(Data records)
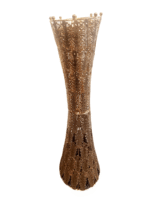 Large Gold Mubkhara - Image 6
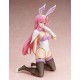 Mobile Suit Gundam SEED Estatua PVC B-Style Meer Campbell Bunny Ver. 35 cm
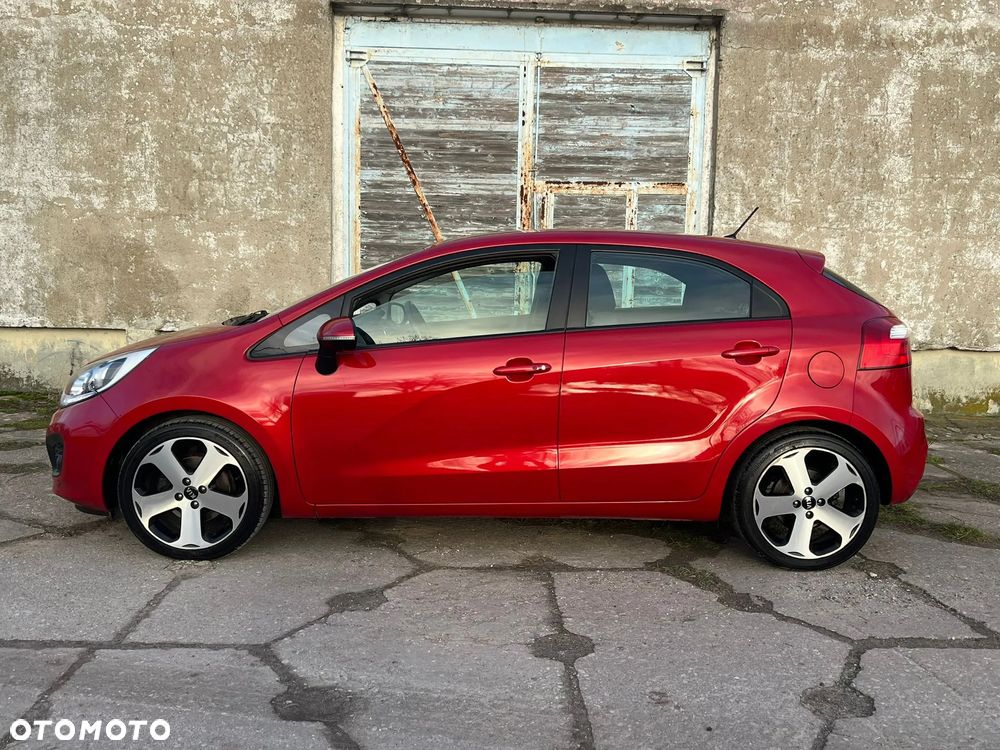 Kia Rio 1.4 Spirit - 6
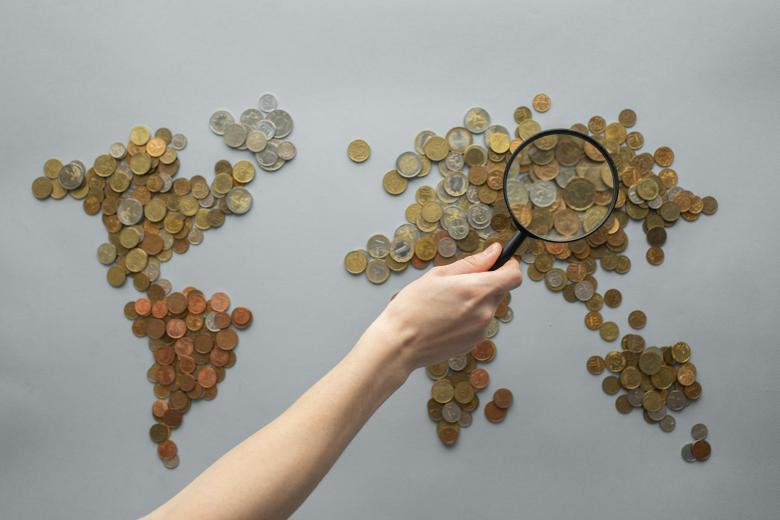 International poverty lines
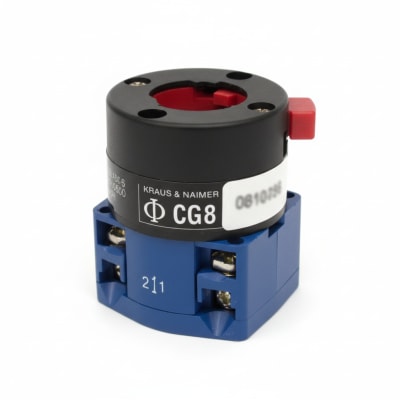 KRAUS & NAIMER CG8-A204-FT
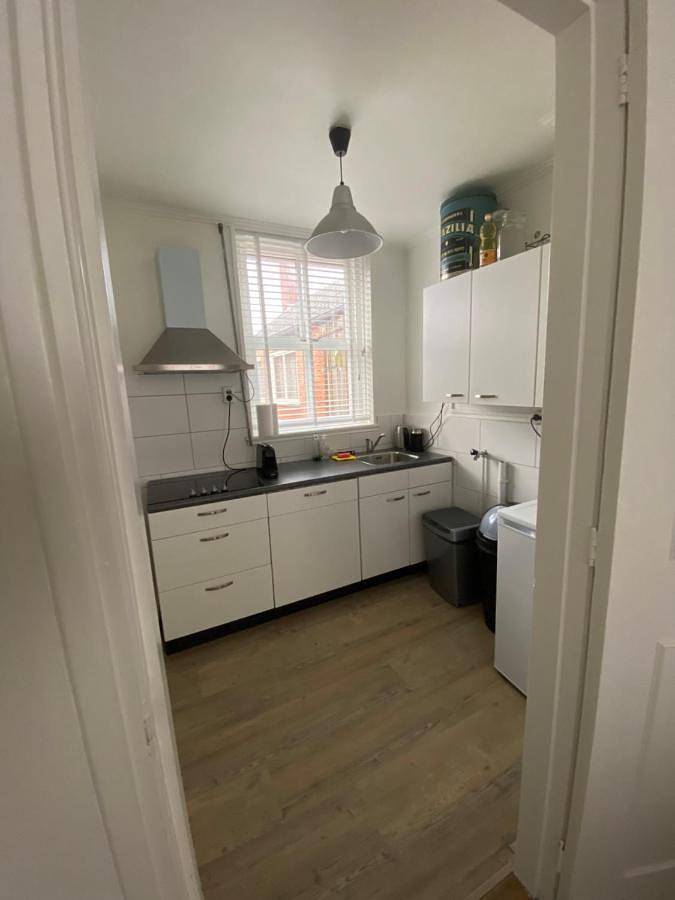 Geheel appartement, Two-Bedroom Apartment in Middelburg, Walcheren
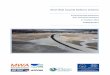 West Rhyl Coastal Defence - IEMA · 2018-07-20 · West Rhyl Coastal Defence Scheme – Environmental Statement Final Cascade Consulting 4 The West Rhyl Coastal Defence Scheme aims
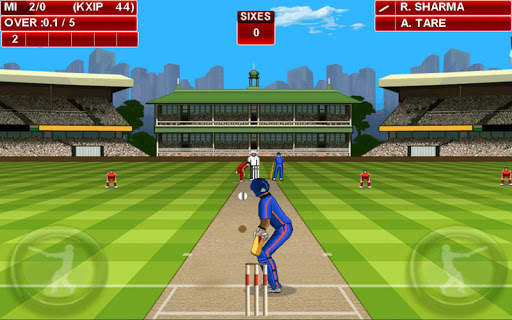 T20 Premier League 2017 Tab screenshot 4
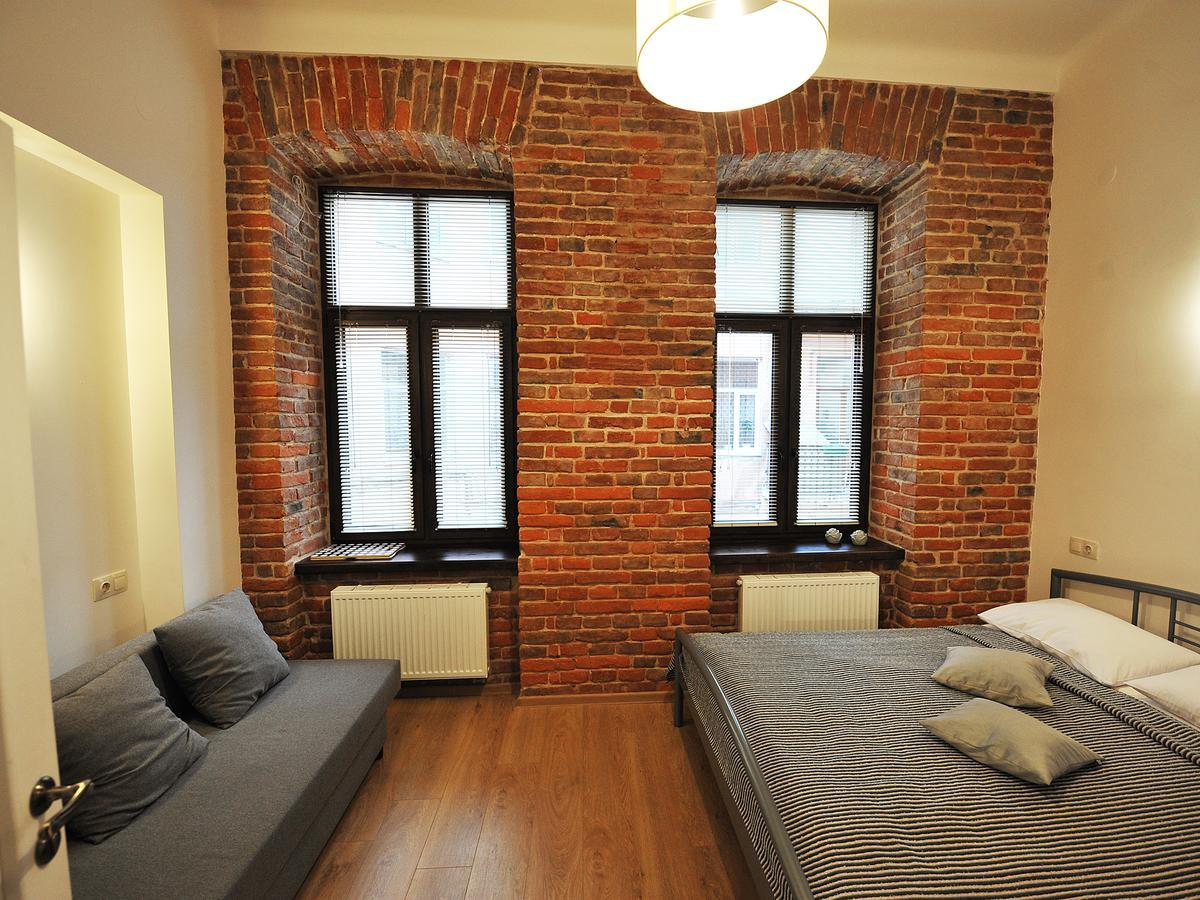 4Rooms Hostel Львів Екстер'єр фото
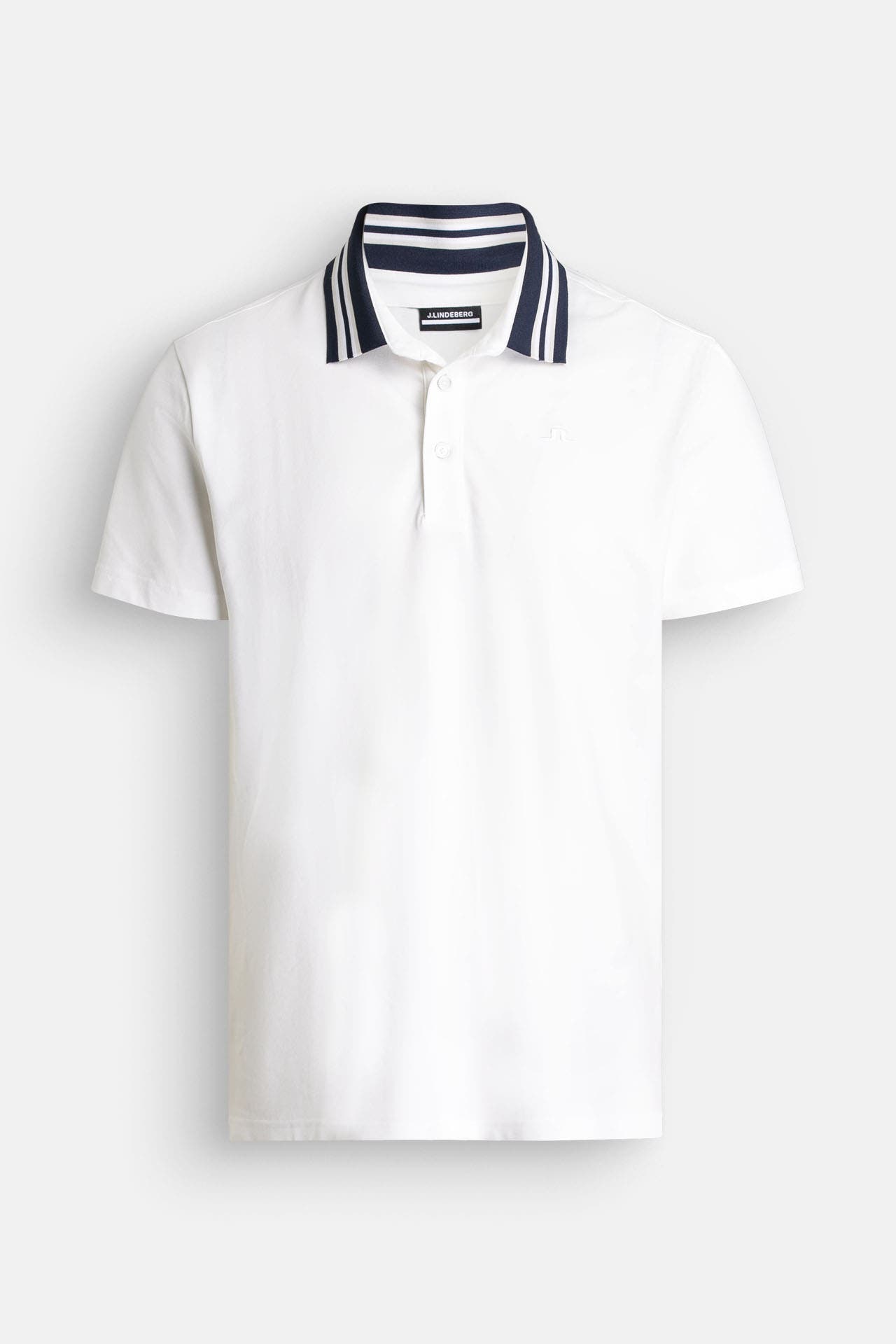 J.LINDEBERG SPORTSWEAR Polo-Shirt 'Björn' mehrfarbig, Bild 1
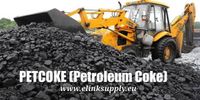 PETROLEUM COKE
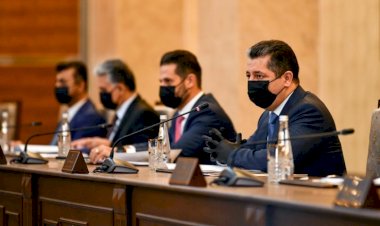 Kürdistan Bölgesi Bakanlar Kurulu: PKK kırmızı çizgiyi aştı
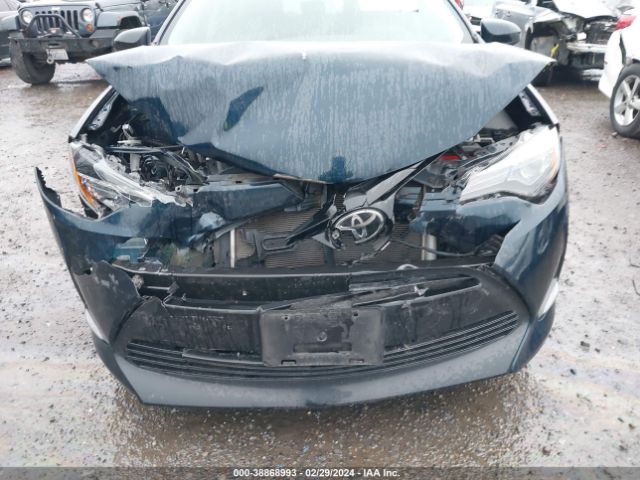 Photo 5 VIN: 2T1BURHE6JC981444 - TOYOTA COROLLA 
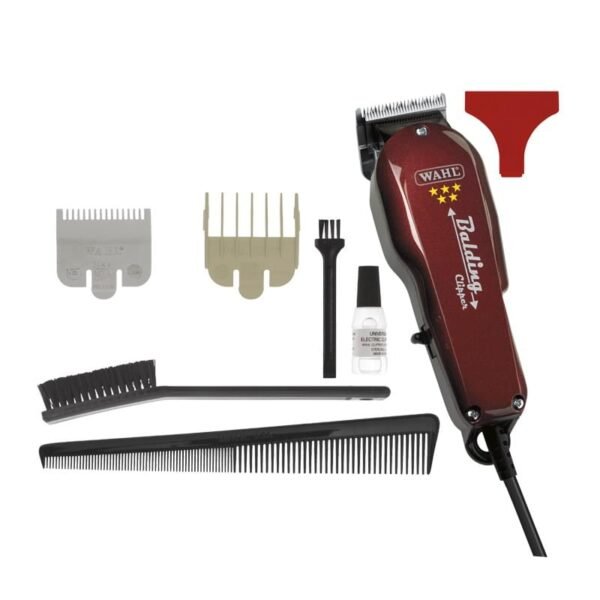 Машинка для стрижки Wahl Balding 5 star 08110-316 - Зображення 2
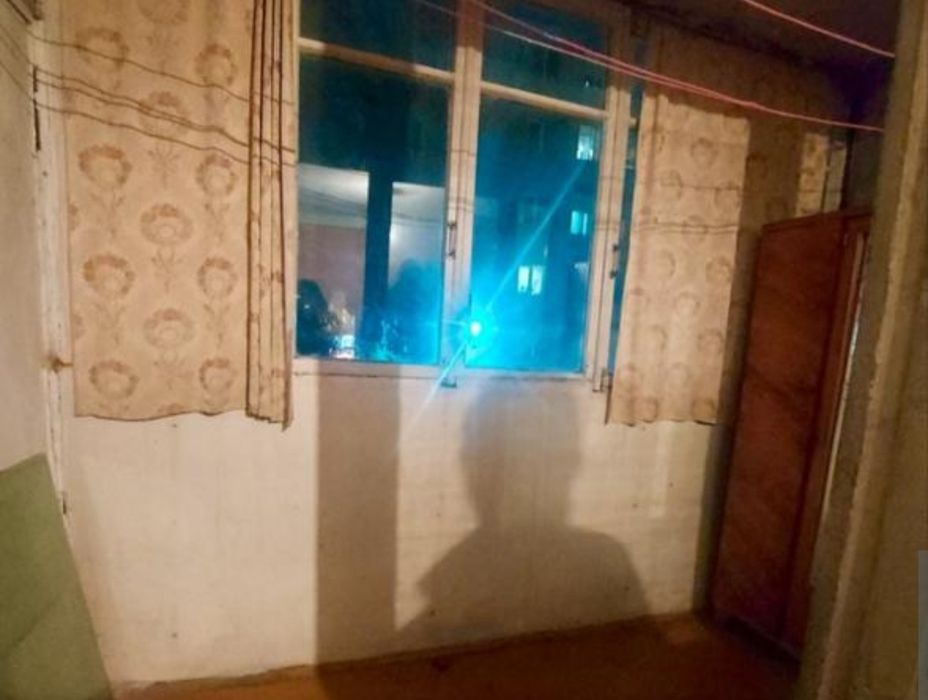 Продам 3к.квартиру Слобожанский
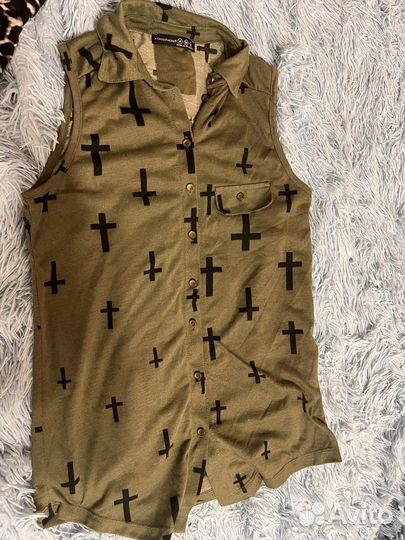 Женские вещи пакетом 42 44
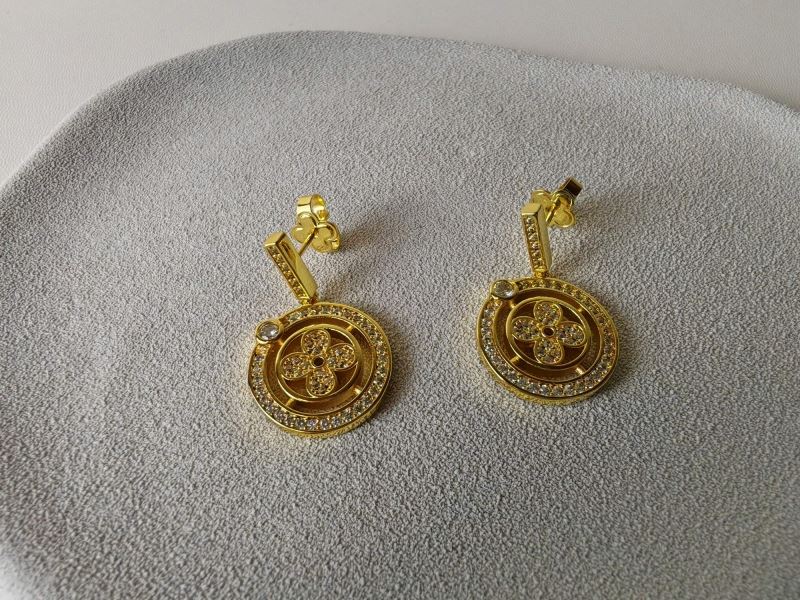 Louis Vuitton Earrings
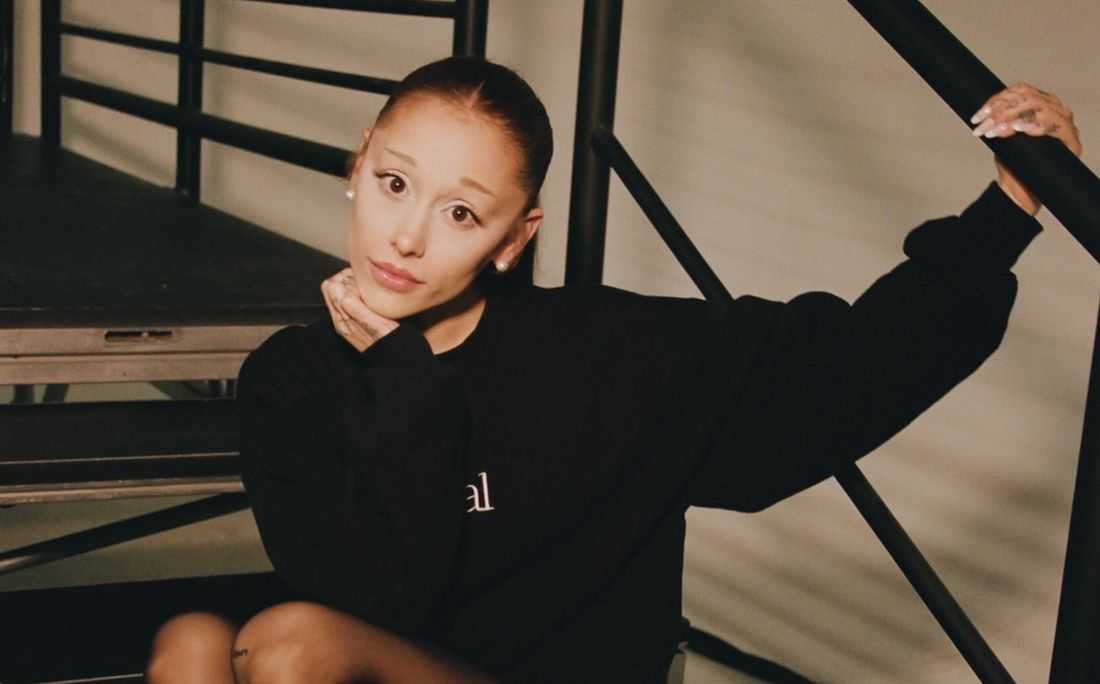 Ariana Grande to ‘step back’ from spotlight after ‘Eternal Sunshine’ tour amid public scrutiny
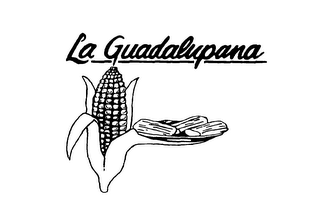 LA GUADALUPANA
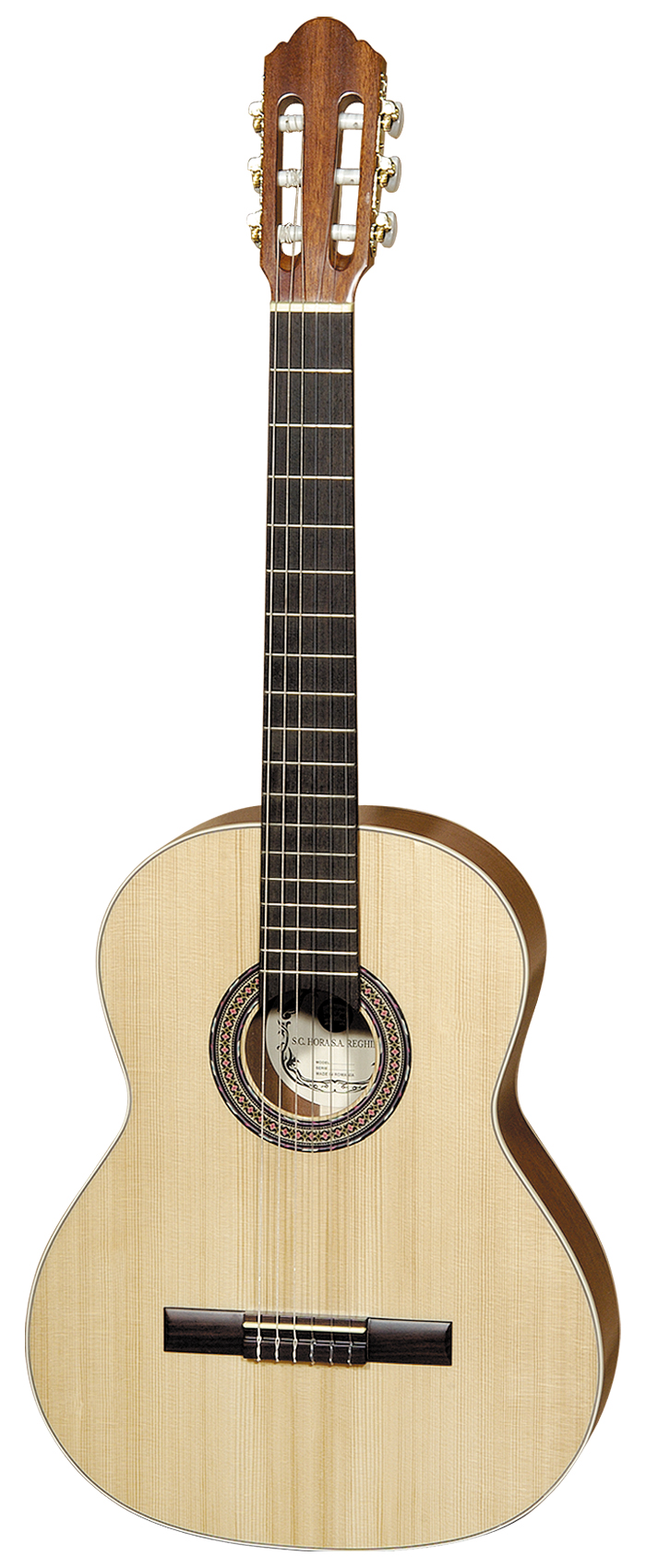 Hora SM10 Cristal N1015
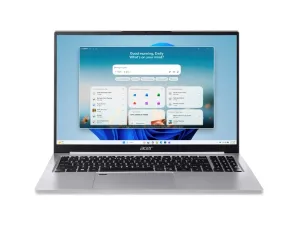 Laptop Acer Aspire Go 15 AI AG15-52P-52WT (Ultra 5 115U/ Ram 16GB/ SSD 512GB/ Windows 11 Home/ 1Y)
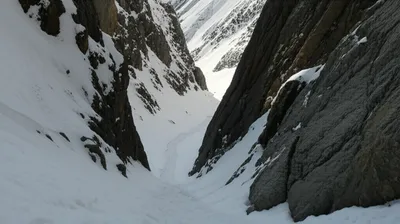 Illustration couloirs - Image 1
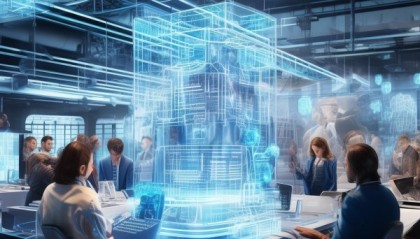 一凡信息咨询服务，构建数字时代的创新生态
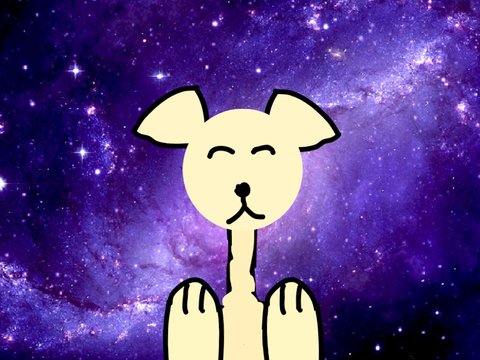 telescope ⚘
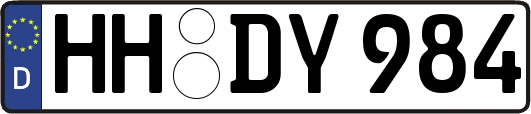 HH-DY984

REQUIRED ACTION:
Word for word, write out the lines above running from the one with "West Rhyl Coastal Defence - IEMA ·" up to and including the one with "Kürdistan Bölgesi Bakanlar". Drop any picture.

YOUR RESPONSE:
 West Rhyl Coastal Defence - IEMA · 2018-07-20 · West Rhyl Coastal Defence Scheme – Environmental Statement Final Cascade Consulting 4 The West Rhyl Coastal Defence Scheme aims
 T20 Premier League 2017 Tab screenshot 4
 4Rooms Hostel Львів Екстер'єр фото
 J.LINDEBERG SPORTSWEAR Polo-Shirt 'Björn' mehrfarbig, Bild 1
 PETROLEUM COKE
 Kürdistan Bölgesi Bakanlar Kurulu: PKK kırmızı çizgiyi aştı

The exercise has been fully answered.